We wanted to look into the value of creating a tactile map for the campus to help new blind and visually impaired students orientate themselves when they arrive on campus. Now there are several examples of good tactile maps out there, the RNIB has created many bespoke tactile maps for train stations. Paul is very familiar with the bronze tactile maps found in Malberg, Germany.

The first thing we had to do was map out what we thought was important to users wanting to navigate the campus and then test those assumptions with real users.

A closeup picture of the bronze town map in Malberg Germany.

We thought about mapping the main roads and footpaths, crossings, bus stops / taxi rank, and the important buildings across the campus. One of the first things we did was start producing these information layers and plan how we were going to transfer this information to a physical object.

A map of the roads at the University of Kent Canterbury campus

Roads

Main roads are an important navigational tool and many orientate themselves in relation to where they know roads are. We also wanted this map to be useful to all visitors so know that roads were an essential elemen to include.

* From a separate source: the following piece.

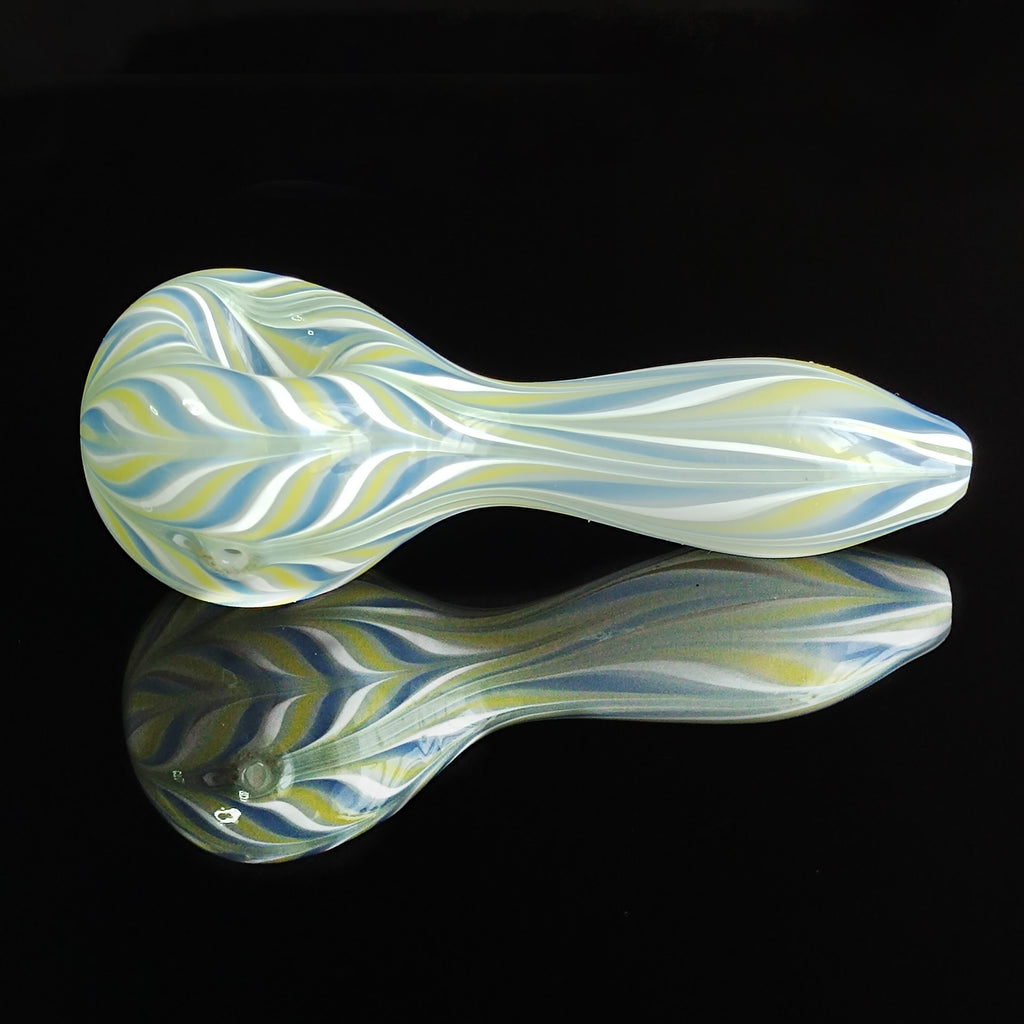 Cyan-Green Ripple Glass Pipe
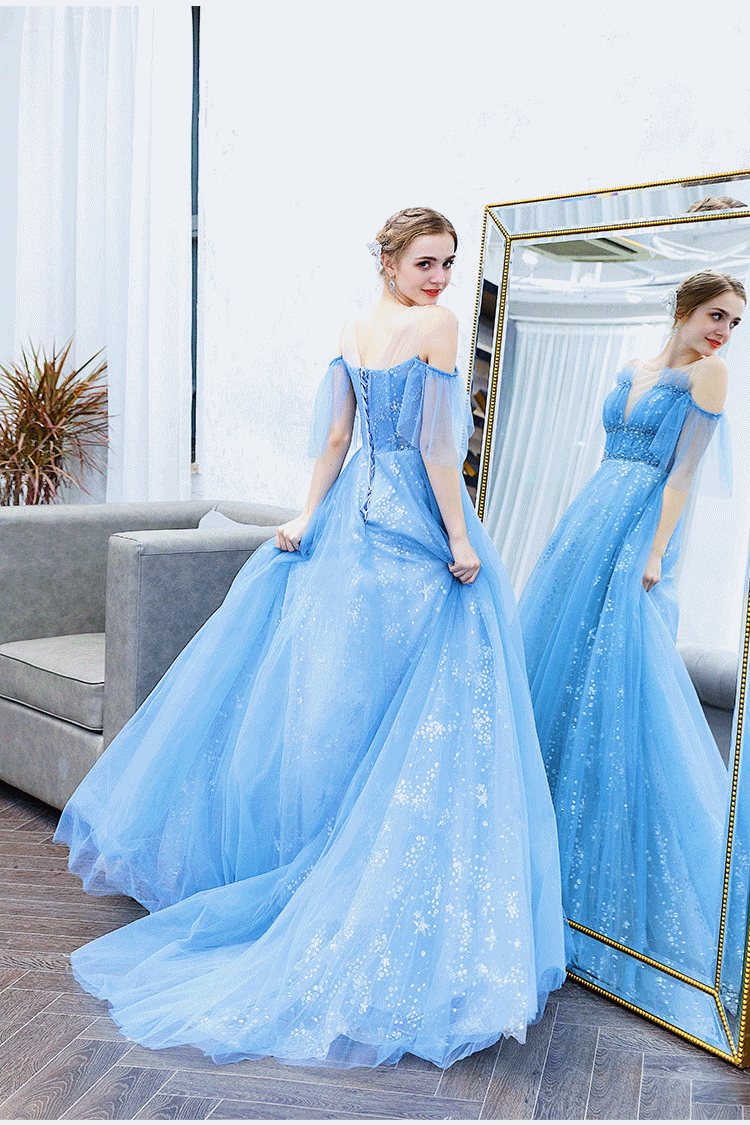 DL116 - **พรีออเดอร์** ชุดราตรีสีฟ้า เดรสยาวออกงาน (Night party dresses) ชุดไปงานแต่งงานสวยๆ "ธีมสีฟ้า"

A map of the footpaths at the University of Kent Canterbury campus

Footpaths

Most of the usage for this tactile map will be in supporting users in navigating how to get to somewhere on campus by foot. With that in mind, displaying footpaths in a way that is clear can are not confused with nearby roads is essential.

Session 1

In the end we thought of a far easier way to get all of the information onto our map base rather than using the information layers I spent time merticulously creating.

Using a projector we overlayed Google Maps onto the map base and traced all of the information we wanted. Not the most advanced method but very effective.

This took almost a whole day to complete but was a very rewarding experience to see come together.

What we ended up with was a vast 6ft x 6ft map of the campus.

We were incredible please with the outcome, knowing that all of our designs were accurate to the real world environment, the scaling was consistent and that we felt the map was an appropriate size and its elements suitable spaced to give clear understanding.

To make my life easier when adding the tactile elements on top of this template we colour coded the map. Roads are in red, footpaths in blue, buildings in black and green spaces in green.

The next steps for us were to start thinking about what materials and shapes we would use to demonstrate different map elements. It was important to me that footpaths not only be spaced from roads enough to be distinct but also be distinct to touch as well. We had a lot of back and forth about how this could be achieved but in the end found a method and materials that can help us achieve a tactile and visually different set of footpaths and roads.

Session 2

Session 2 saw us working with the amazing Kevin from the University of Kent School of Architecture, who helped us plan out all of the buildings in CAD before laser cutting them all, gluing them together and delivering them to us in less than a week! There were more than 100 buildings to make so this was an incredible turn around. It was quite like a birthday for me, and we could not wait to get our presents out and start playing with them.

We set up the map, laid out all of the buildings and then sat down with Paul to get his initial reactions, which we caught on video.

We were so pleased to see the ease with which Paul started pointing out buildings and being able to navigate his normal route to lectures. The next step was to test with others.

A close up of some of the raised buildings. The burning on the edges due to the laser cutter compared to the white tops helps to make them stand out as 3D shapes.
All of the buildings as they arrived, carefully placed in a box.
A picture of the entire map laid out with all of the newly laser cut buildings in place.